DEPORTES › OPINION
› Por Gustavo Veiga
No hay manera de entrarle al tema por una vía original, inédita y mucho menos moralizadora. No hay caso. El fútbol se lo comió todo y en nombre del fútbol se hace cualquier estrago. Esta vez fueron uno o más individuos identificados con Boca. En el pasado reciente o en tiempos más primitivos, de otros equipos. La violencia quedó más expuesta ahora porque pasó en un clásico, el clásico más esperado de los últimos diez años. Y despertó reacciones de las más variadas por el método empleado: un ataque con gas pimienta a jugadores de River que salían por la manga a la cancha para disputar el segundo tiempo. No hicieron falta piedrazos. Ni otros objetos contundentes. Es más, en la noche del partido inconcluso de la Bombonera, un hincha local agregó una provocación sofisticada: desde la bandeja baja que da al Riachuelo, manipuló un drone con el fantasma de la B. Se completaba así una coreografía grotesca.

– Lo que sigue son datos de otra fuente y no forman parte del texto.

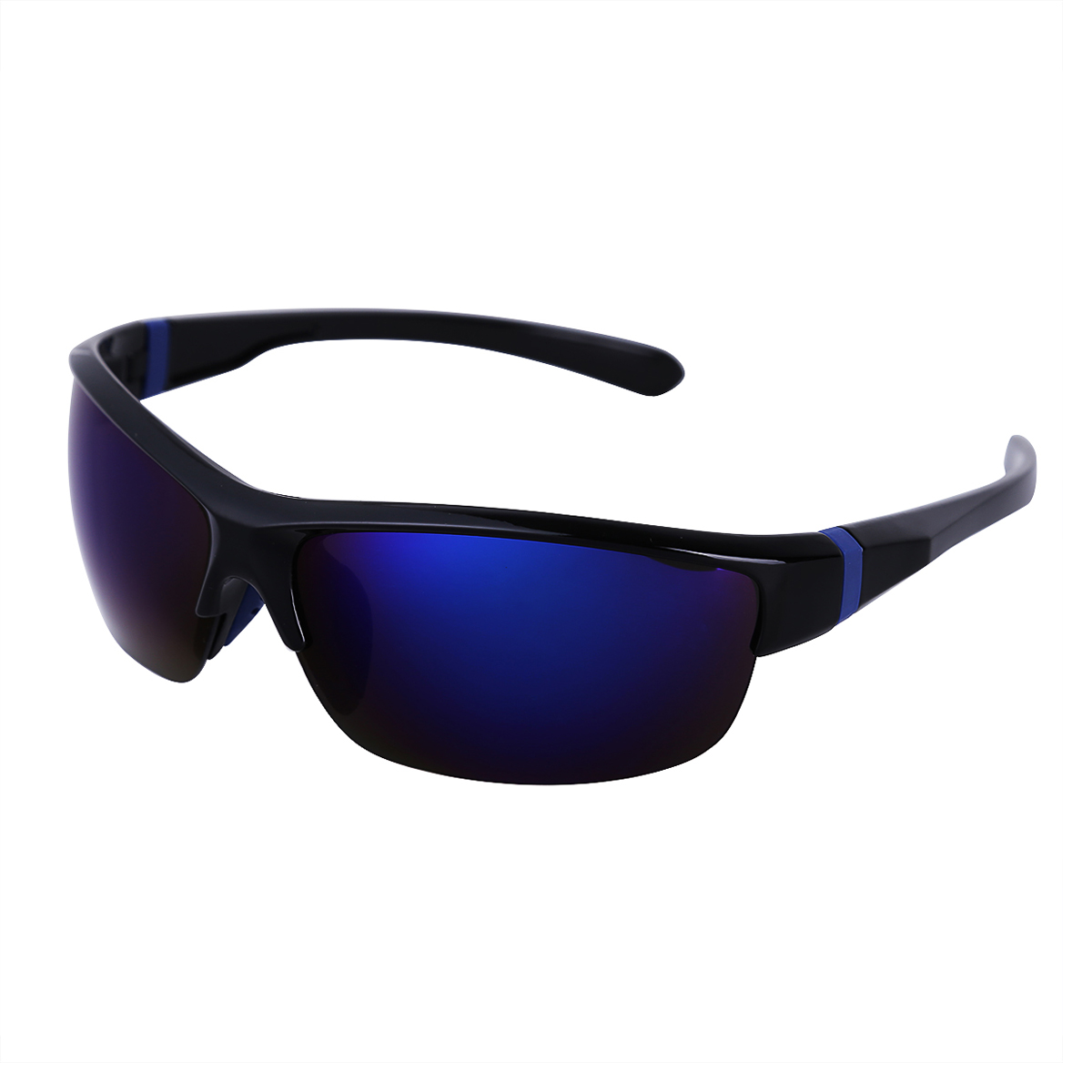 DPOIS Sonnenbrille Männer Sport Sonnenbrille UV 400 Schutz Golf Sonnenbrille Frauen Fahren Radfahren Gläser Angeln Brillen: Black Blue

El problema más grave es que la violencia en el fútbol se naturalizó hace décadas. Es anestésica. Nos parecen normales, ajenas, sus centenares de muertes y no nos indignamos hasta que se produce la próxima. Ciertas formas de agresión se presumen transgresoras, permitidas, en el plano concreto o simbólico. Se confunden el folklore del fútbol y las cargadas para mortificar al otro, humillarlo, hasta transformarlo en el enemigo público número uno.
No se lo trata como a un adversario que merece respeto y sí aquel al que debe pisárselo. Vale todo y no importan los medios para lograrlo. Con gas pimienta o sin él, con trampas, patadas alevosas o con cualquier otra viveza criolla que arrastramos desde nuestra peor tradición futbolera. Un mal ejemplo que a menudo es noticia en todo el mundo.

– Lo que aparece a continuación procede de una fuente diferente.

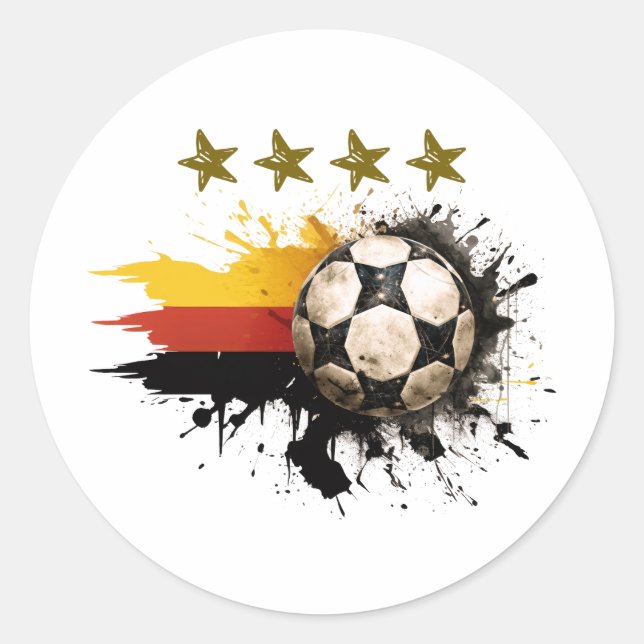 Fußball mit deutscher Flagge und vier goldene Ster Runder Aufkleber (Vorderseite)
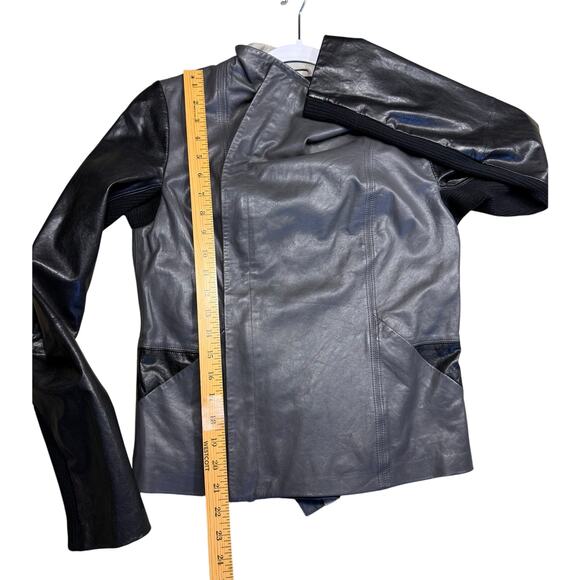 VINCE Lambskin Gray Leather Jacket Colorblock - Size small - Picture 9 of 12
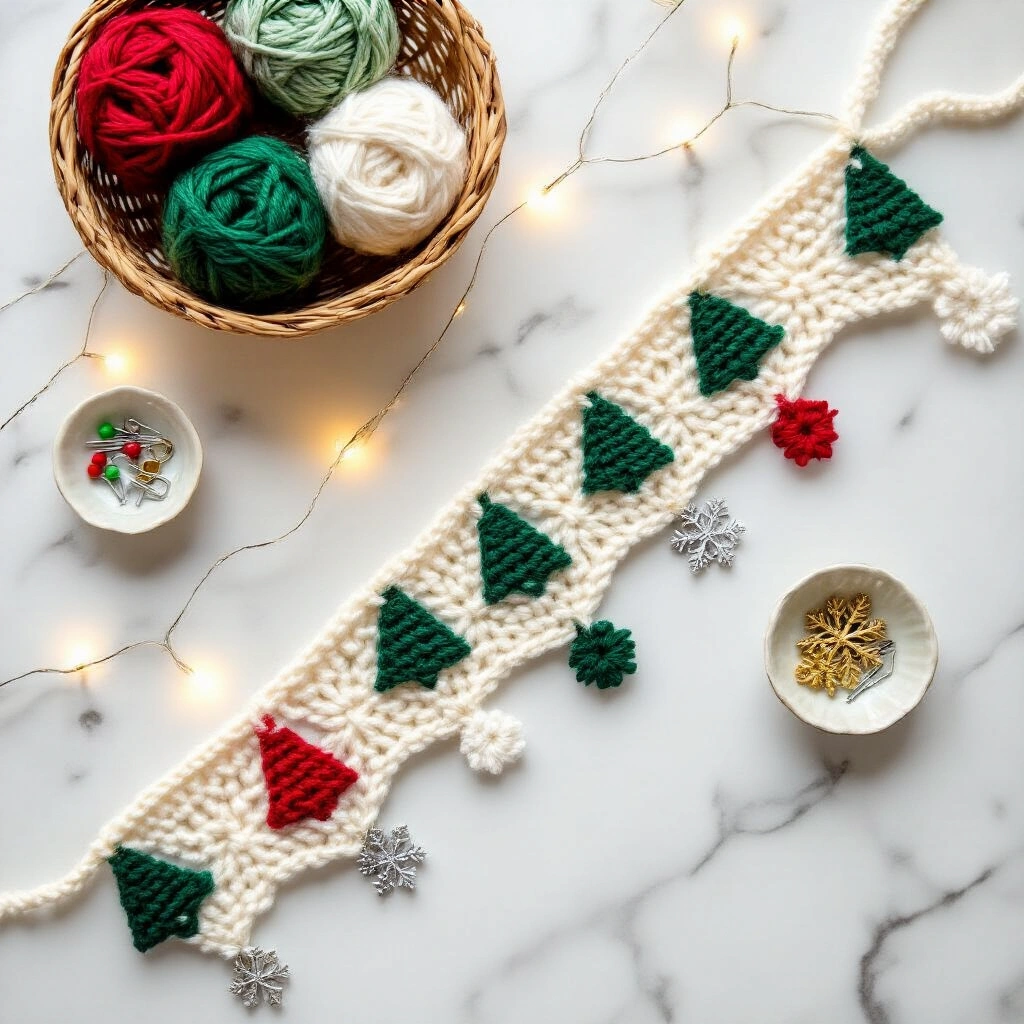 Christmas Crochet Garland: How to Make One That Actually Looks Amazing Overhead flat-lay of a holiday craft workspace on a marble countertop, featuring a diagonal ivory crocheted foundation chain with chunky forest green Christmas tree motifs and silver metallic snowflakes. A wicker basket holds red, green, white, and gold yarn balls, while mini ceramic bowls contain blocking pins and stitch markers. Fairy lights add a warm glow, creating a festive and nostalgic atmosphere.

Pero hay diferentes grados de responsabilidad en el problema. Los dirigentes están para dirigir, no para sacar ventajas de una situación donde está comprometida la salud de futbolistas. La Policía Federal para prevenir y actuar cuando se produce un hecho y no cuando culmina y tiene consecuencias demoledoras. ¿O para qué están las decenas de cámaras que monitorean un estadio y que los clubes pagaron por fortunas? ¿Para qué está la seguridad privada de un club como Boca, formada a imagen y semejanza del comisario Jorge “el Fino” Palacios y el fiscal federal Carlos Stornelli, ambos responsables del área bajo las presidencias de Mauricio Macri y Daniel Angelici, respectivamente?

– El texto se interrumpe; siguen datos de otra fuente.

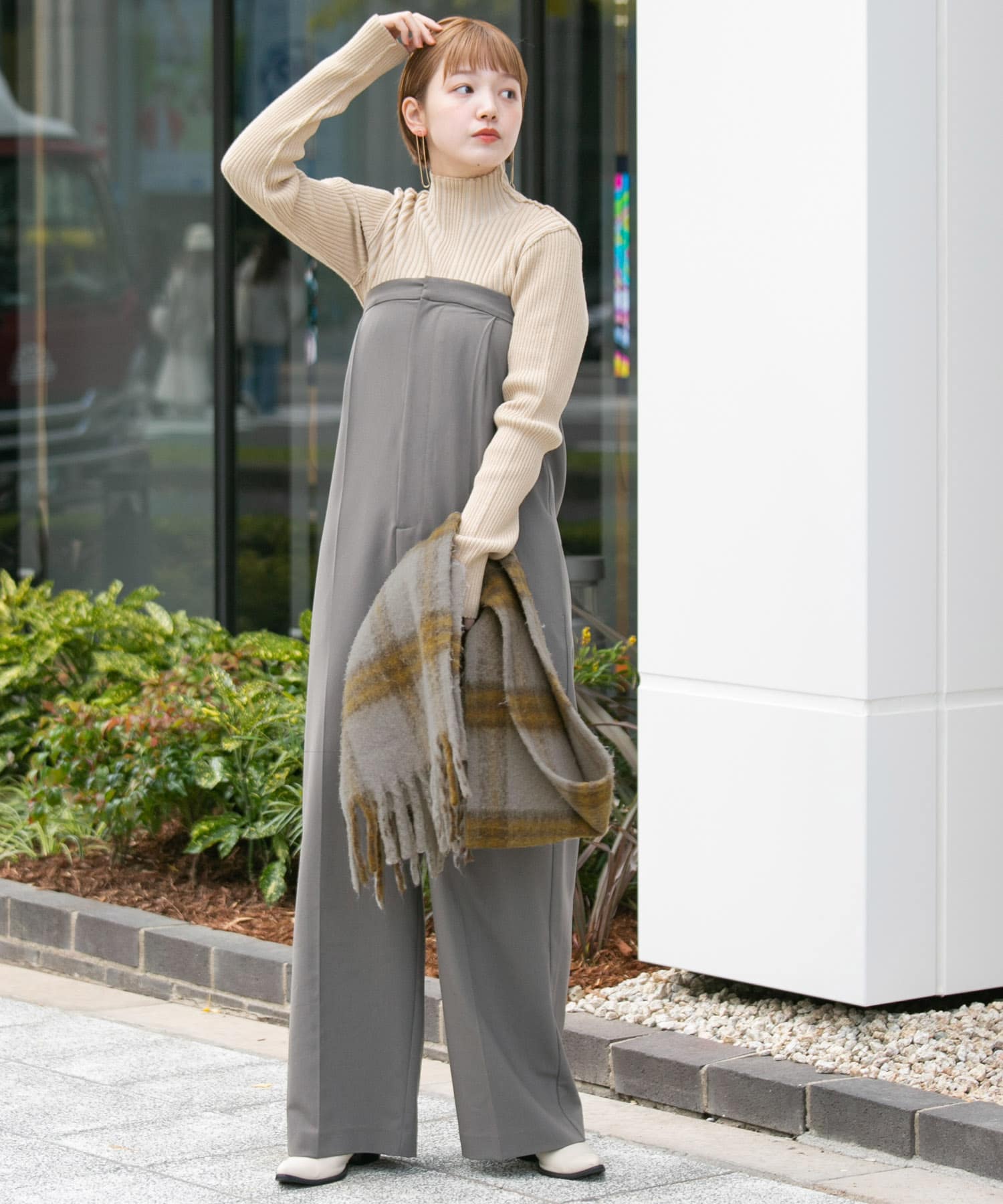 BIGフリンジチェックストール GRAY×MTD one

El desastre de la Bombonera es una posibilidad histórica para barajar y dar de nuevo. Pero con las cartas que juega el fútbol no puede ganar ni con 33 de mano. Los funcionarios y dirigentes se hacen los sotas, los jugadores tienen menos credibilidad que un ancho falso, los árbitros menos peso que un seis de oro y la mayoría pacífica de los hinchas valen para las autoridades menos que un cuatro de copas. El ancho de espadas, por ahora, ya sabemos quién lo tiene.
No queremos regalarle el fútbol a esa mafia que viene ganando de mano hace décadas. Con su capacidad intacta para extorsionar, amenazar y, cuando le resulta indispensable, matar. Pero de tan desgastante y tan inocua que es la prédica (eso somos, predicadores del sinsentido), a esta altura parece que es “mejor no hablar de ciertas cosas”, como cantaba Luca Prodan. Está probado. En este tema es al cuete.